= Rollo Davidson =

British mathematician (1944–1970)

Rollo Davidson (8 October 1944 – 29 July 1970) was a probabilist, alpinist, and Fellow-elect of Churchill College, Cambridge, who died aged 25 on Piz Bernina. He is known for his work on semigroups, stochastic geometry, and stochastic analysis, and for the Rollo Davidson Prize, given in his name to early-career probabilists.

==Life==
Davidson was born in Bristol. At the time of his birth, his parents lived in The Chantry, Thornbury, Gloucestershire. His mother was Priscilla (née Chilver); his father, Brian Davidson, won a prize at Oxford for his study of classics, was president of the Oxford Union, and worked as a solicitor before becoming an executive with the Bristol Aeroplane Company. Rollo Davidson attended Winchester College before studying mathematics at Trinity College, Cambridge, from 1962 and becoming a research fellow there in 1967. He completed his PhD in 1968, under the supervision of David George Kendall. He continued at Cambridge as assistant lecturer, lecturer, and in 1970 fellow-elect. He died in a mountain climbing accident on the slopes of Piz Bernina in 1970.

==Contributions==
In stochastic geometry, Davidson is known for introducing the study of line processes, which he modelled as point processes on spaces of parameters of lines. The second winner of the Rollo Davidson Prize, Olav Kallenberg, won the prize for settling (negatively) a conjecture on line processes posed by Davidson in his thesis.

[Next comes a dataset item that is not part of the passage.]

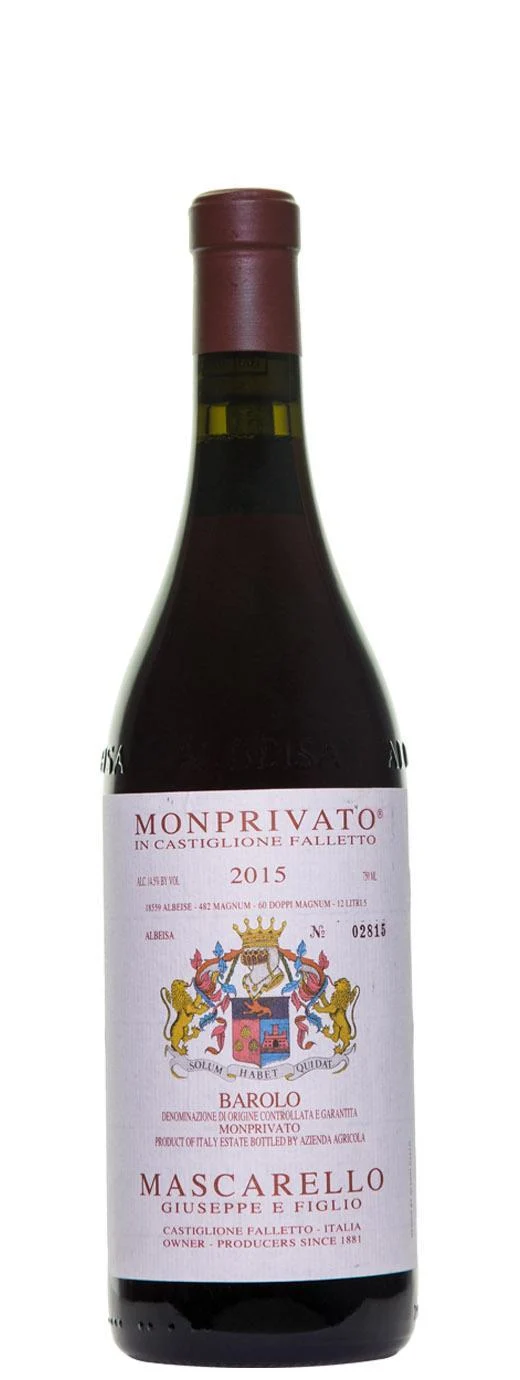 Red Wine Barolo Mascarello Monprivato 2015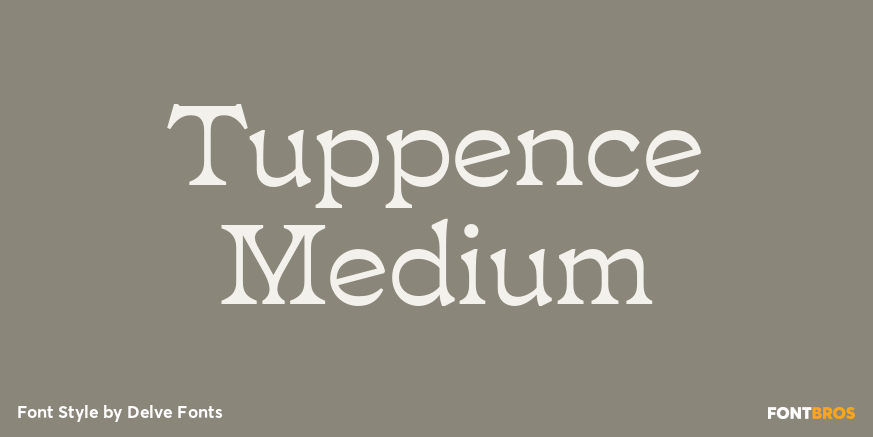 Tuppence Medium Poster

In stochastic analysis, also, Davidson has been described as a "remarkably original mathematician" who left a legacy of "tantalising unsolved problems". He particularly studied Delphic semigroups, a class of topological semigroups introduced by his advisor to study renewal sequences; Ruzsa & Székely (1988) write that, despite the many applications of these semigroups, Davidson was "the only one to contribute seriously to Delphic theory" after Kendall, and that "his untimely death certainly deprived this theory of interesting developments".

==Legacy==
In 1975 a fund was established at Churchill College in his memory, endowed initially through the publication in his honour of two volumes of papers, edited by E. F. Harding and D. G. Kendall. A prize from the Rollo Davidson Trust Fund has been awarded annually since 1976 to early-career probabilists.